──────── DATASET EXCERPTS

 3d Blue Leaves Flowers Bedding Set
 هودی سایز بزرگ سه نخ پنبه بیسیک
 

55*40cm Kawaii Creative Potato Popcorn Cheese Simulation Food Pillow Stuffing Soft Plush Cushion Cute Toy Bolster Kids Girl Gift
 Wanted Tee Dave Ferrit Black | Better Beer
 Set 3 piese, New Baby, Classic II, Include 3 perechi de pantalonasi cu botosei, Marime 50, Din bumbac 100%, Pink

────────────────

▸ WORK TO COMPLETE:
Give back all of the records exactly as they were provided above.

▸ ANSWER SPACE:
 3d Blue Leaves Flowers Bedding Set
 هودی سایز بزرگ سه نخ پنبه بیسیک
 

55*40cm Kawaii Creative Potato Popcorn Cheese Simulation Food Pillow Stuffing Soft Plush Cushion Cute Toy Bolster Kids Girl Gift
 Wanted Tee Dave Ferrit Black | Better Beer
 Set 3 piese, New Baby, Classic II, Include 3 perechi de pantalonasi cu botosei, Marime 50, Din bumbac 100%, Pink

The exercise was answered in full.